A concurrency limit is a cap on the number of HTTP requests allowed to a service at any given time, the "in-flight" requests. Rate limits are available as well, which limit the number of requests made to a service per minute.
Concurrency limits are available on two levels:
- a total limit on the service, for all requests made to it combined
- a per-user limit, with both a default limit per user available as well as configurable limits for individual users
Upon reaching the concurrency limits, users will receive an HTTP 429 Too Many Requests response code. The response body indicates whether the total or user limit was reached.
Configuring concurrency limits¶
Concurrency limits can be configured through the WebApp and in the API, Client Libraries and CLI.
In the WebApp, the total concurrency limit for all users and the default limit per user are configurable in the Authentication and limits section of a service.
Additionally, you can set limits for individual users on the Concurrency limits tab of the service. Limits configured for a (service) user apply on the token used. The limits apply separately per token if a user has multiple.
User level concurrency limits are only available for services that require authentication, because they are applied per token. The total concurrency limit on a service is available for all services, both with and without authentication.
Request distribution and consistency guarantees¶
The concurrency limit applies to the service and is independent of the number of deployment instance replicas that back it. For example, a concurrency limit of 100 on a service backed by 5 deployment replicas means that each replica will receive approximately 20 requests at most at any given time.

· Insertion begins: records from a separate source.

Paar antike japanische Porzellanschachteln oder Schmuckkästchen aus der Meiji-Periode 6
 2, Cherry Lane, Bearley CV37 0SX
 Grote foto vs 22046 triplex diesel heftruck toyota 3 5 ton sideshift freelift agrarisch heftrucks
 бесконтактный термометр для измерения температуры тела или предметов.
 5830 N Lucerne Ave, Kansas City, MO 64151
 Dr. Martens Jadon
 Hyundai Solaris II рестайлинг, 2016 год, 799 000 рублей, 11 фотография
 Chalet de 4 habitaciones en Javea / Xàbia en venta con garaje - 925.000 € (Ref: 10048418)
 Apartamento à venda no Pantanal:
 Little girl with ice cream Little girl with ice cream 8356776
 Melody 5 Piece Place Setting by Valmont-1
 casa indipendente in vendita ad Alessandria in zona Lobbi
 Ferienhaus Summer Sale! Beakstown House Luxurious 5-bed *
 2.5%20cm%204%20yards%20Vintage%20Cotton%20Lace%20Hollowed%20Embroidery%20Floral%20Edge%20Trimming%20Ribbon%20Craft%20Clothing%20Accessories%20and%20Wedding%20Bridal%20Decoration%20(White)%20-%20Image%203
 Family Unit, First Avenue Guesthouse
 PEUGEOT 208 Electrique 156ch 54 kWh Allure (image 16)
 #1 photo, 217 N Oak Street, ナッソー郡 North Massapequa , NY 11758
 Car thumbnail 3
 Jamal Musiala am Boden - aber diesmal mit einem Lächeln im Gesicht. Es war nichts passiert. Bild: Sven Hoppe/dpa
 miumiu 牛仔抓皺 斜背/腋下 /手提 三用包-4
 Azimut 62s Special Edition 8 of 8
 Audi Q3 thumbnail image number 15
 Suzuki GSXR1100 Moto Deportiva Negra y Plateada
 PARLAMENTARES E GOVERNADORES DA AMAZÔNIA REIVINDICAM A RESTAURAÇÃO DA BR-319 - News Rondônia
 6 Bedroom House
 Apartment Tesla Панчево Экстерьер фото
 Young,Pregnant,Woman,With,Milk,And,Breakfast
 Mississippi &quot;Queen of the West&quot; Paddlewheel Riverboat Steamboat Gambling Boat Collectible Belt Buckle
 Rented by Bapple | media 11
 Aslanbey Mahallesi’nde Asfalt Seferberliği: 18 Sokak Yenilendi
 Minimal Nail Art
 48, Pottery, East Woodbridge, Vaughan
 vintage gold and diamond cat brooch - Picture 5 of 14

The total concurrency limit on a service is strongly consistent and this limit is never exceeded. However, due to the nature of load balancing, asynchronous distribution of requests as well as varying request durations, UbiOps can't guarantee that each replica receives exactly an equal share of concurrent requests. In the example above, it could be that some replicas receive 21 requests and others 19. On a service with one replica, the limit for that replica is guaranteed.